BEGIN

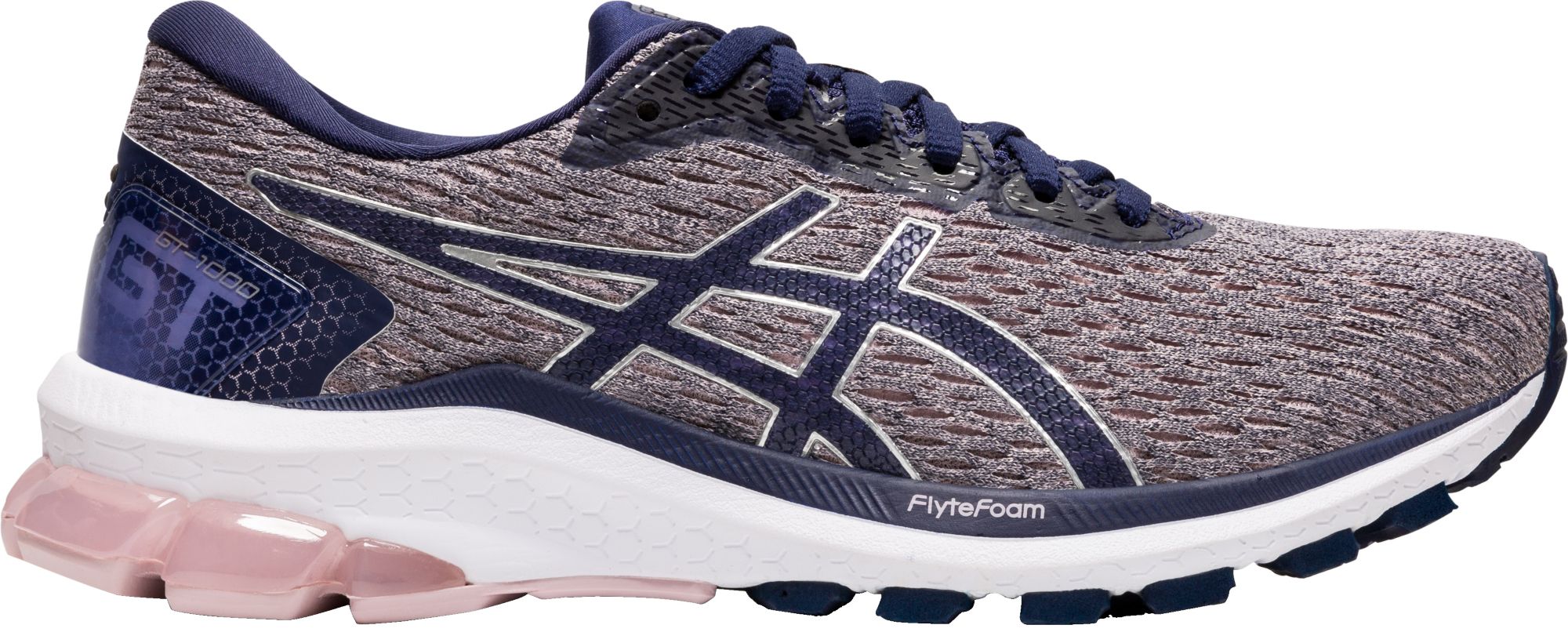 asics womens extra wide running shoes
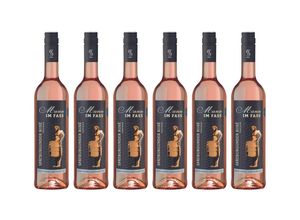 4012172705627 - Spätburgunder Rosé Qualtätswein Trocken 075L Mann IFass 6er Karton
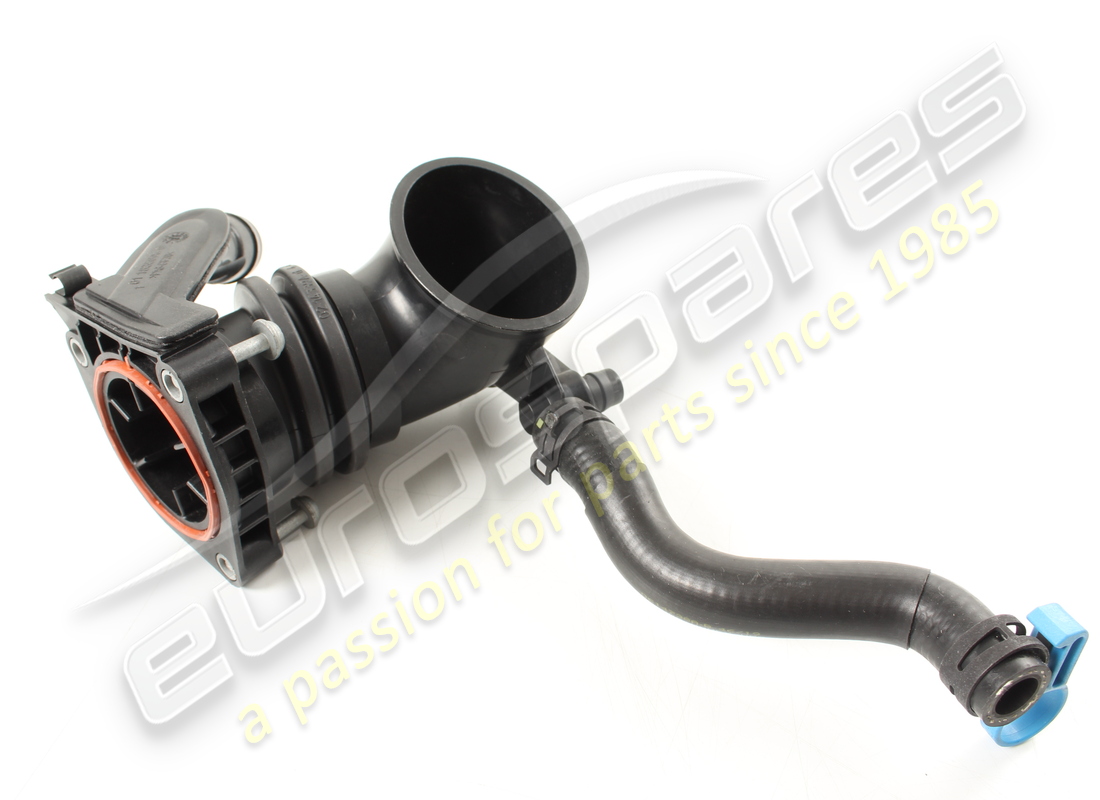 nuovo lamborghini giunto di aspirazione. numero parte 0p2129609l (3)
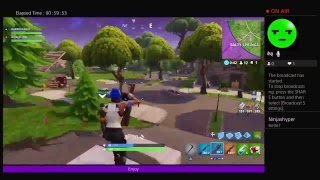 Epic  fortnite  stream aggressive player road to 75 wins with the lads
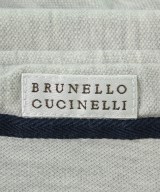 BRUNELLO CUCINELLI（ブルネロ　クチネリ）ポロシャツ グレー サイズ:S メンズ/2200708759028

END

• _Exercise_
Reproduce the listing word for word and omit its pictures.

• _Result for this exercise_
 asics womens extra wide running shoes
 4012172705627 - Spätburgunder Rosé Qualtätswein Trocken 075L Mann IFass 6er Karton
 nuovo lamborghini giunto di aspirazione. numero parte 0p2129609l (3)
 Epic  fortnite  stream aggressive player road to 75 wins with the lads
 BRUNELLO CUCINELLI（ブルネロ　クチネリ）ポロシャツ グレー サイズ:S メンズ/2200708759028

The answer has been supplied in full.